Basic Configuration¶
-
VM Name:
- Enter a unique name for your virtual machine.
- Note: The name will be automatically sanitized to ensure compatibility (e.g., spaces replaced with hyphens).
-
VM Type:
- Select a preset profile that automatically adjusts hardware resources (CPU, RAM, Disk) based on the intended use case. Click the Info button next to the dropdown to see a detailed comparison of the different types.
- Desktop (Linux): Balanced resources for general Linux desktop use (Default).
- Windows: Optimized for modern Windows installations (SATA bus, TPM enabled).
- Windows Legacy: Optimized for older Windows versions or specific compatibility needs (SATA bus, BIOS boot, USB input).
- Server: More CPU/RAM, larger disk, optimized for server workloads.
- Computation: High CPU/RAM ratio for compute-intensive tasks, uses raw disk format and virtio networking.
- Secure VM: Hardened configuration with TPM and SEV (Secure Encrypted Virtualization) support.
-
Distribution:
- Choose the operating system source.
- Cached ISOs: Select from ISO images already downloaded to your local cache. The path to the cache is displayed below the selection.
- OpenSUSE Variants: Select a specific OpenSUSE distribution (e.g., Leap, Tumbleweed, Slowroll) to automatically fetch the latest ISO.
- From Storage Pool: Select an ISO image directly from an existing libvirt storage pool.
- Custom: Use a local ISO file from your file system.
-
ISO Image (Repo / Volume):
- Depending on the selected Distribution, pick the specific image from the dropdown.
- If a remote distribution is selected, the ISO will be downloaded automatically to the displayed ISO Download Path.
- If From Storage Pool is selected, you will first select the storage pool, then the specific volume (ISO) within it.
Custom ISO Repositories¶
You can define your own ISO repositories in the config.yaml file. This allows you to add custom distributions to the selection menu by providing a URL to a directory containing ISO files.
Add the custom_ISO_repo key to your configuration file with the following syntax:
custom_ISO_repo:
- name: Alpine 3.23 x86_64
uri: https://dl-cdn.alpinelinux.org/alpine/v3.23/releases/x86_64/
These repositories will then be available in the Distribution selection dropdown. When selected, VirtUI Manager will fetch and display the available .iso files from that location.
Custom ISO Options¶
Visible only when "Custom" distribution is selected.
- Custom ISO (Local Path): Enter the full path or browse for a local
.isofile. - Validate Checksum: Optionally verify the integrity of the ISO file using a SHA256 checksum before installation.
Expert Mode¶
Click the "Expert Mode" header to reveal advanced hardware settings.

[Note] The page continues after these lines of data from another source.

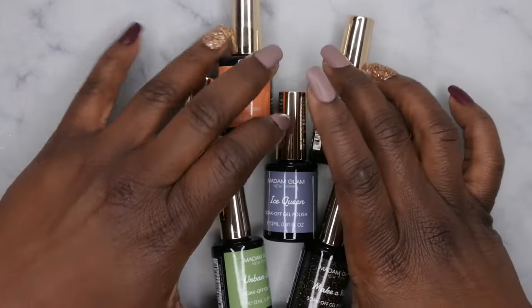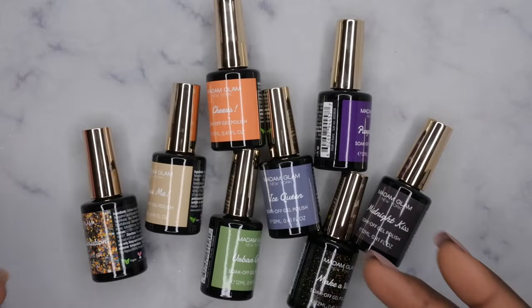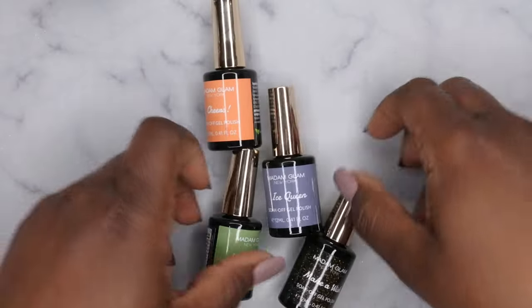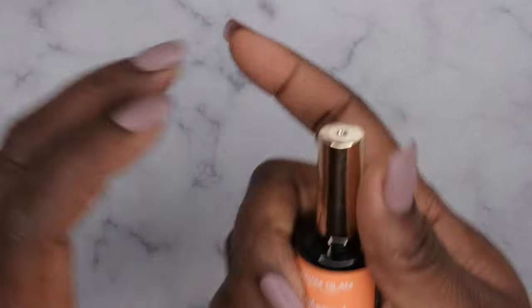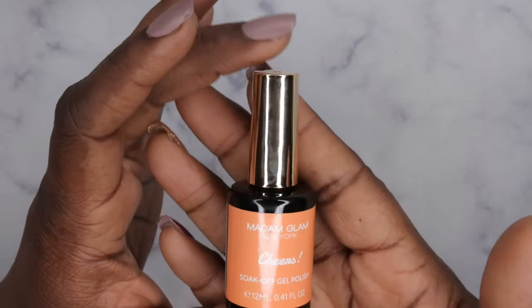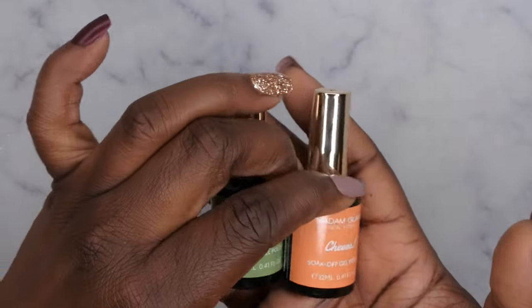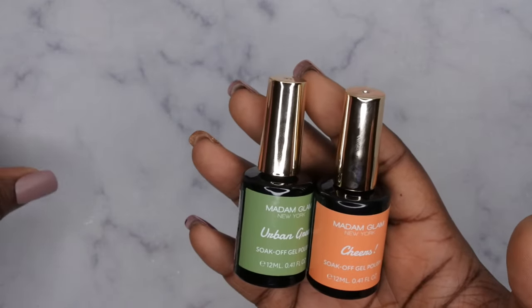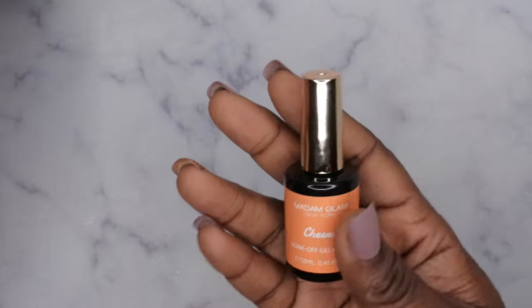Alrighty, so these are all of the colors included in the Confetti Dreams collection. I'm going to go through and show you all each bottle up close. One of the cool things about this collection is that it's part of their line specifically formulated with polishes made in Korea. Anytime you see these 12ml bottles from Madam Glam with the golden handle, these are the gels that are specifically made in Korea, which I think is pretty cool.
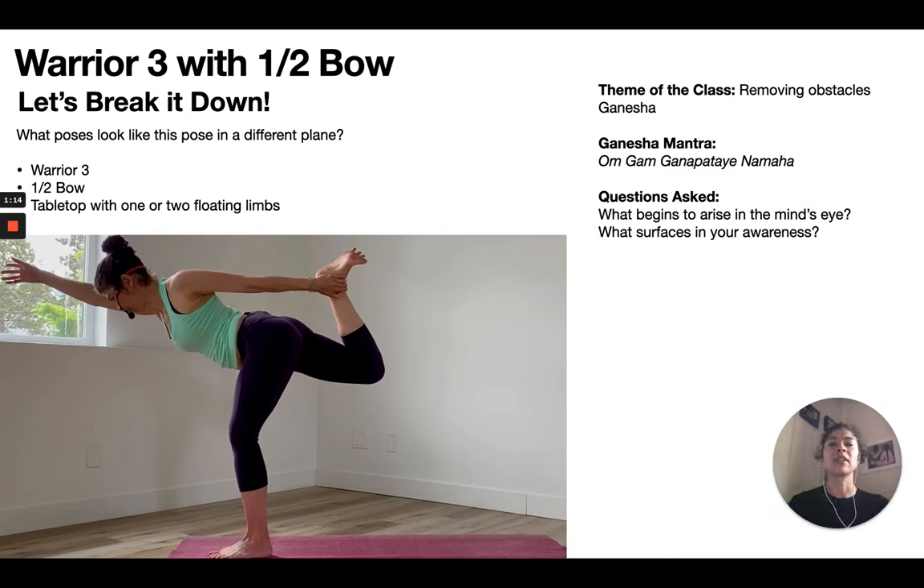As I've mentioned in a couple of the other breakdowns, if you can get the body to do different components of the peak pose before you get to the peak pose, then there's a lot of muscle memory in the body before you get there. The student or yourself won't need as much theoretical or anatomical cueing, and it'll allow you to speak less so that they can be in their experience more.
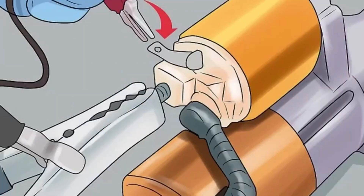Connect a wire to the starter's small terminal. Take a few feet of insulated 16-gauge wire. Strip one end and crimp it onto the small terminal on the starter. Go ahead and strip the other end as well, but don't do anything with it yet.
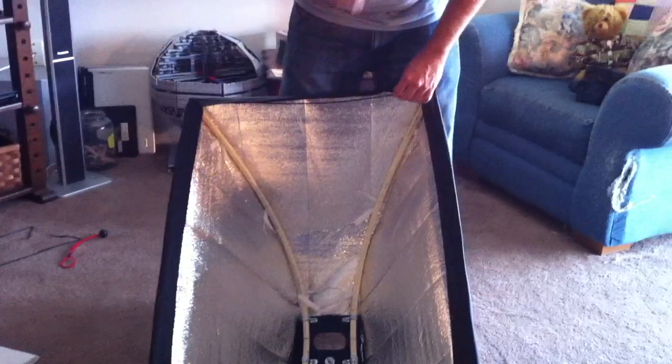Next thing we're going to do is tie all of our ties in the corners of the box. We're going to tie our ties to the PVC pipes — just a quick overhand knot should be fine. Right now we're just going to do the ones on the ends and on the center, because the ones in the middle of the bar here will be used for securing the internal baffle into the box.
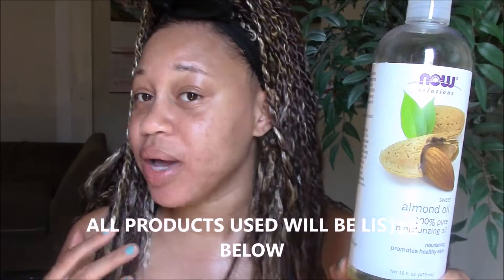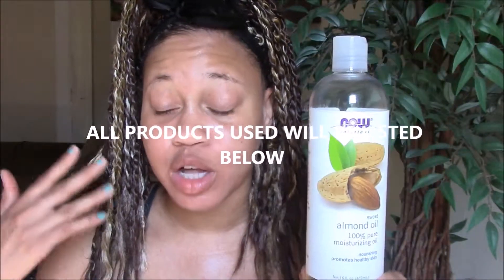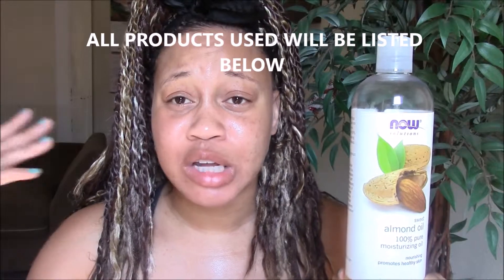First, I moisturize my skin with my almond oil. I really like this almond oil because it still gives me that glow — as you guys can see on my face, it makes me look nice and dewy, and my skin feels hydrated. So just a little bit of almond oil on my skin.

These default to values based on the selected VM Type but can be overridden.
- Memory (MB): Amount of RAM allocated to the VM.
- CPUs: Number of virtual CPU cores.
- Disk Size (GB): Size of the primary hard disk.
- Disk Format:
qcow2: (Default) Supports snapshots and dynamic allocation.raw: Better performance, but consumes full space immediately and lacks snapshot support.
- Firmware:
- UEFI: (Checked by default) Modern boot firmware. Uncheck for Legacy BIOS.
Storage¶
- Storage Pool: Select the libvirt storage pool where the VM's disk image will be created. Defaults to
default.
Starting the Installation¶
- Review your settings.
- Click Install.
- The wizard will download the ISO (if necessary), create the disk image, and define the VM.
- Once provisioned, the VM will start automatically, and the remote viewer will launch to display the installation console.